Introduction
This notebook demonstrates the use of offline policy evaluation for MABs.
Objectives
Evaluation:
Evaluate the performance of a MAB using multiple offline policy estimators.
[1]:
import numpy as np
import pandas as pd
from sklearn.preprocessing import MinMaxScaler
from pybandits.cmab import CmabBernoulliCC
from pybandits.offline_policy_evaluator import OfflinePolicyEvaluator
%load_ext autoreload
%autoreload 2
/home/runner/.cache/pypoetry/virtualenvs/pybandits-vYJB-miV-py3.10/lib/python3.10/site-packages/pydantic/_migration.py:283: UserWarning: `pydantic.generics:GenericModel` has been moved to `pydantic.BaseModel`.
warnings.warn(f'`{import_path}` has been moved to `{new_location}`.')
/home/runner/.cache/pypoetry/virtualenvs/pybandits-vYJB-miV-py3.10/lib/python3.10/site-packages/tqdm/auto.py:21: TqdmWarning: IProgress not found. Please update jupyter and ipywidgets. See https://ipywidgets.readthedocs.io/en/stable/user_install.html
from .autonotebook import tqdm as notebook_tqdm
Generate data
We first generate a binarly labeled data set, with a two dimensional feature space, and is not lineraly seprabale.
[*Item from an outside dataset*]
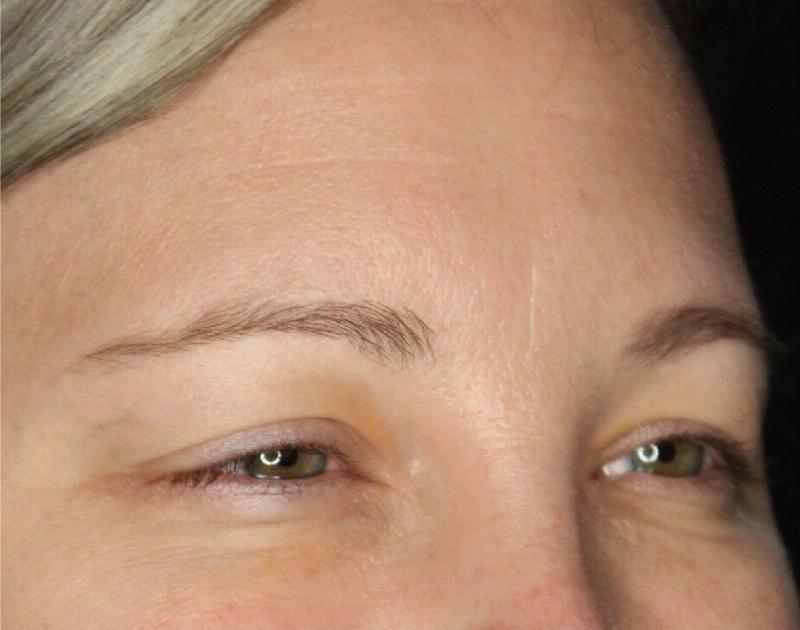 Wrinkle Relaxers Before & After Gallery - Patient 89349599 - Image 4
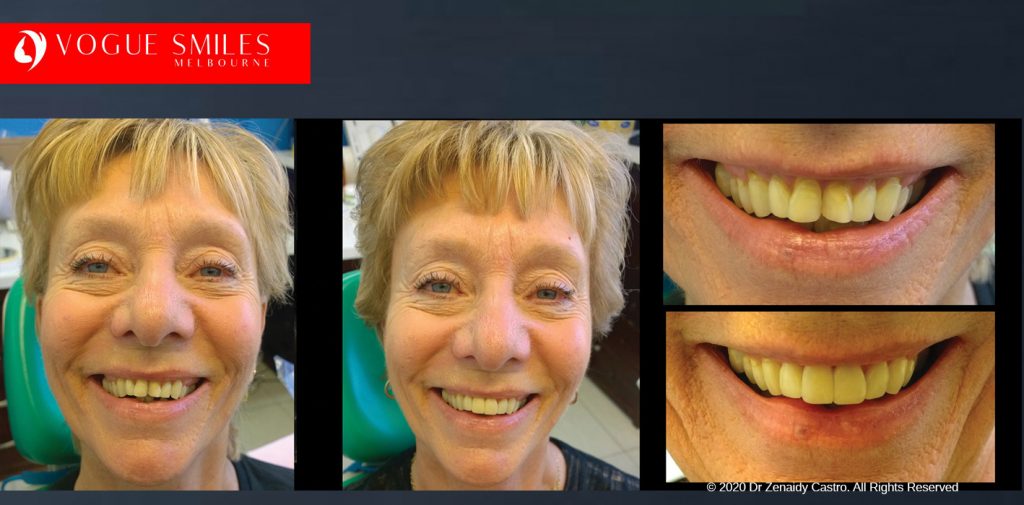 Before and After Smile Makeovers Melbourne - Australia's Top Cosmetic Dentist - VOGUE SMILES MELBOURNE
We then split the data set to a training data setm and a test data set.
[2]:
n_samples = 1000
n_actions = 2
n_batches = 3
n_rewards = 1
n_groups = 2
n_features = 3
[3]:
unique_actions = [f"a{i}" for i in range(n_actions)]
action_ids = np.random.choice(unique_actions, n_samples * n_batches)
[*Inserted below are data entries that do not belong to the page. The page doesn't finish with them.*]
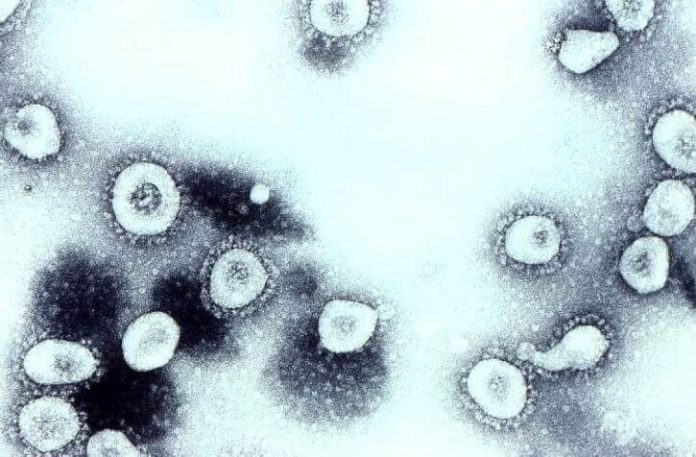 SARS, svinjska gripa, koronavirus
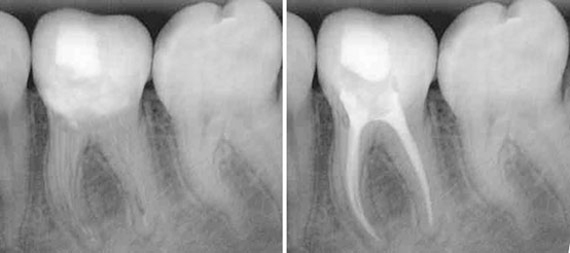 Эндодонтическое лечение в Киеве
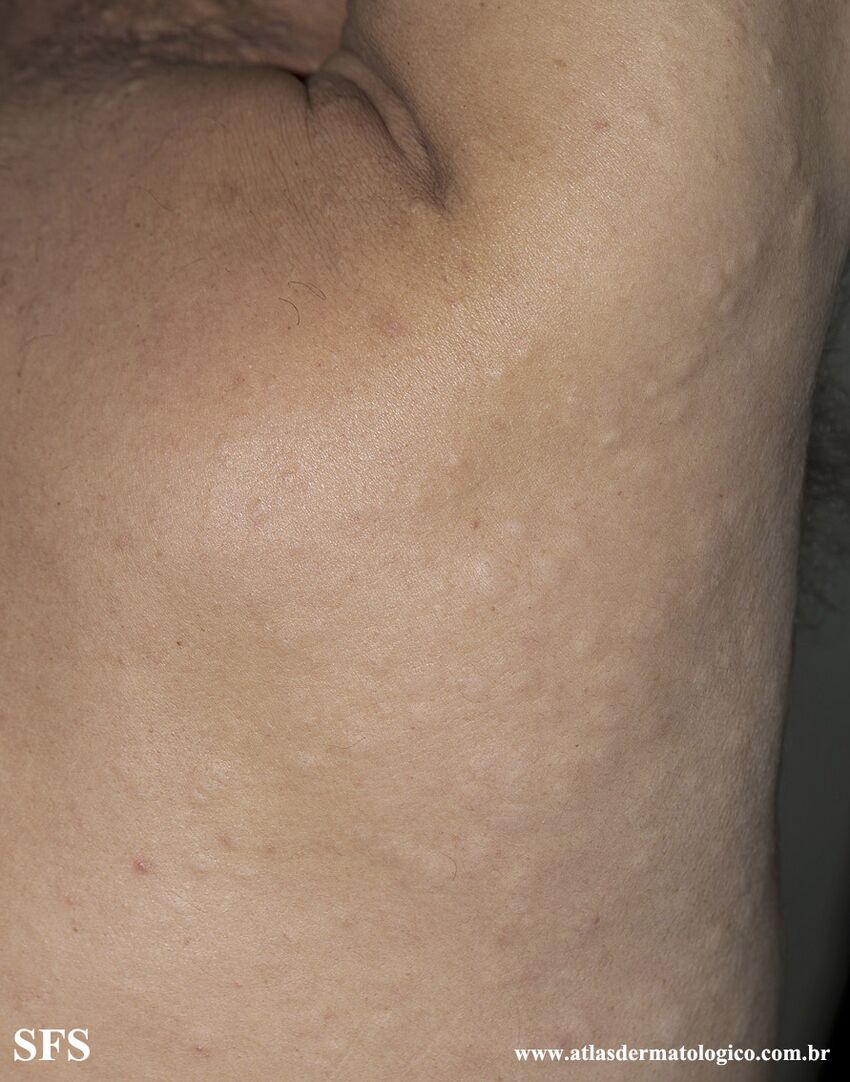 Anetoderma Jadassohn Pellizari (Dermatology Atlas 36).jpg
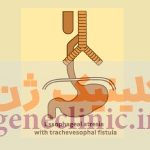 ‏آترزی مری‏ (Esophageal atresia) چیست؟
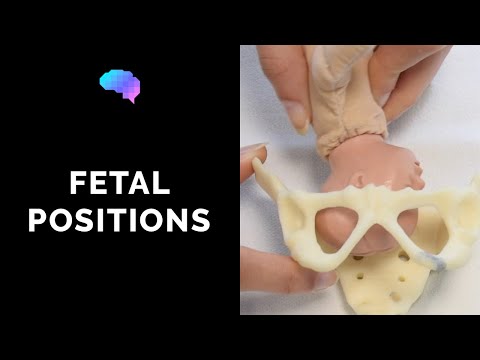 Can baby move from cephalic position?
batches = [i for i in range(n_batches) for _ in range(n_samples)]
rewards = [np.random.randint(2, size=(n_samples * n_batches)) for _ in range(n_rewards)]
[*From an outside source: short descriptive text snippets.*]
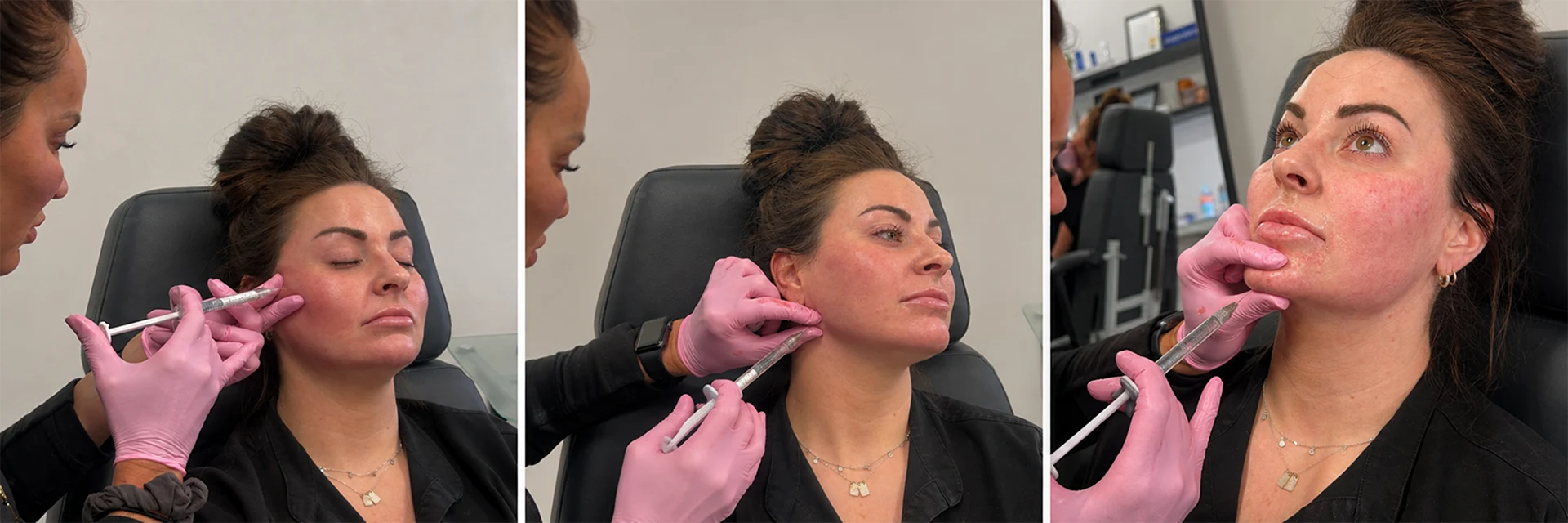 Belotero Balance filler injections at Elle Medical & Aesthetics in Lafayette, LA
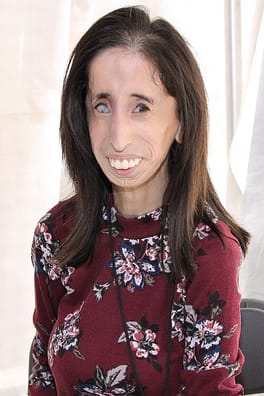 Photo of Lizzie Velasquez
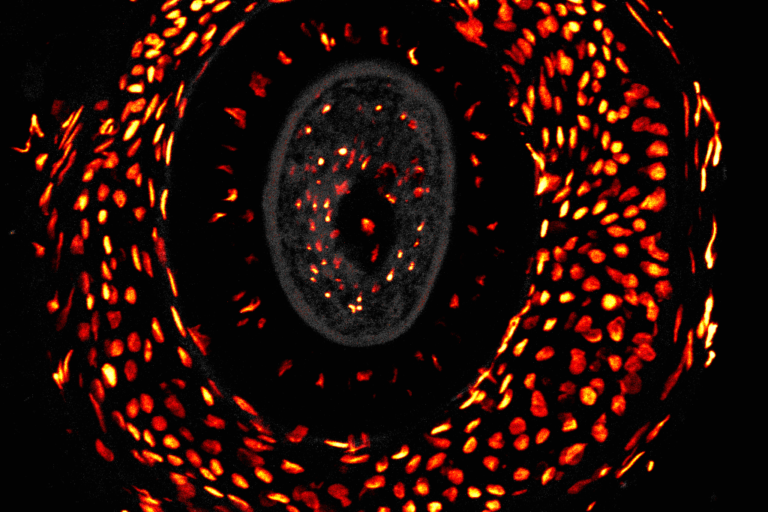 And the winner is…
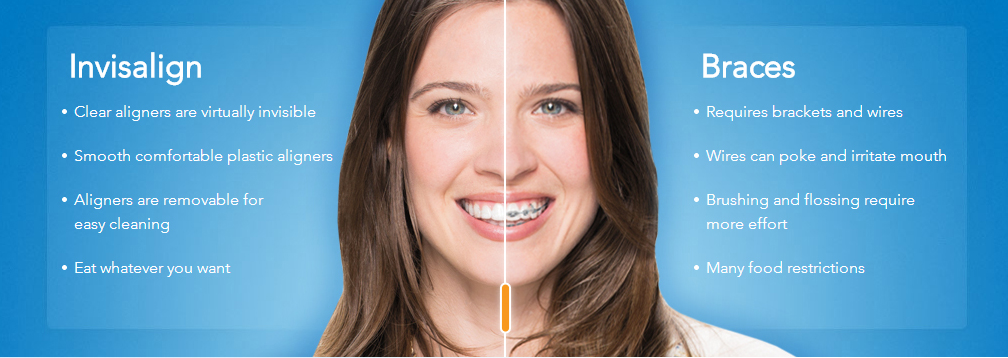 Why People Prefer Invisalign | West Valley Pediatric Dentistry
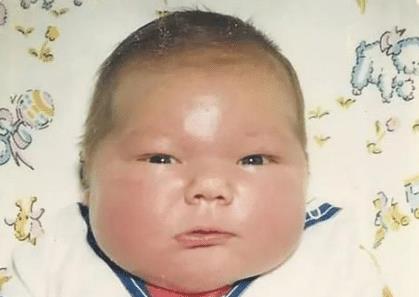 :曾轰动一时的7公斤“巨婴”,如今36年过去了,他成这般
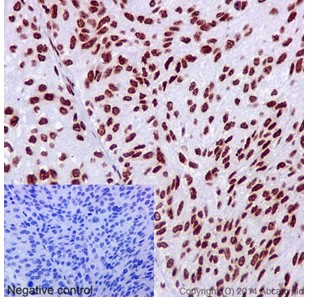 Immunohistochemical analysis of paraffin-embedded human transitional cell carcinoma of bladder tissue labeling hnRNP G with ab190352 at 1/250 dilution. Counter stain Hematoxylin. Negative control also shown lower left.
action_true_rewards = {(a, r): np.random.rand() for a in unique_actions for r in range(n_rewards)}
true_rewards = [
np.array([action_true_rewards[(a, r)] for a in action_ids]).reshape(n_samples * n_batches) for r in range(n_rewards)
]
groups = np.random.randint(n_groups, size=n_samples * n_batches)
action_costs = {action: np.random.rand() for action in unique_actions}
costs = np.array([action_costs[a] for a in action_ids])
context = np.random.rand(n_samples * n_batches, n_features)
action_propensity_score = {action: np.random.rand() for action in unique_actions}
propensity_score = np.array([action_propensity_score[a] for a in action_ids])
df = pd.DataFrame(
{
"batch": batches,
"action_id": action_ids,
"cost": costs,
"group": groups,
**{f"reward_{r}": rewards[r] for r in range(n_rewards)},
**{f"true_reward_{r}": true_rewards[r] for r in range(n_rewards)},
**{f"context_{i}": context[:, i] for i in range(n_features)},
"propensity_score": propensity_score,
}
)
contextual_features = [col for col in df.columns if col.startswith("context")]
Generate Model
Using the cold_start method of CmabBernoulliCC, we can create a model to be used for offline policy evaluation.
[4]:
action_ids_cost = {action_id: df["cost"][df["action_id"] == action_id].iloc[0] for action_id in unique_actions}
mab = CmabBernoulliCC.cold_start(action_ids_cost=action_ids_cost, n_features=len(contextual_features))
OPE
Given the model and the OPE data from the logging policy, we can either evaluate the model using the logging policy, or update it with the logging policy data prior to the evaluation.
[ ]:
[5]:
evaluator = OfflinePolicyEvaluator(
logged_data=df,
split_prop=0.5,
n_trials=10,
fast_fit=True,
scaler=MinMaxScaler(),
ope_estimators=None,
verbose=True,
propensity_score_model_type="batch_empirical",
expected_reward_model_type="gbm",
importance_weights_model_type="logreg",
batch_feature="batch",
action_feature="action_id",
reward_feature="reward_0",
true_reward_feature="true_reward_0",
contextual_features=contextual_features,
group_feature="group",
cost_feature="cost",
propensity_score_feature="propensity_score",
)
100%|██████████| 2/2 [00:00<00:00, 308.56it/s]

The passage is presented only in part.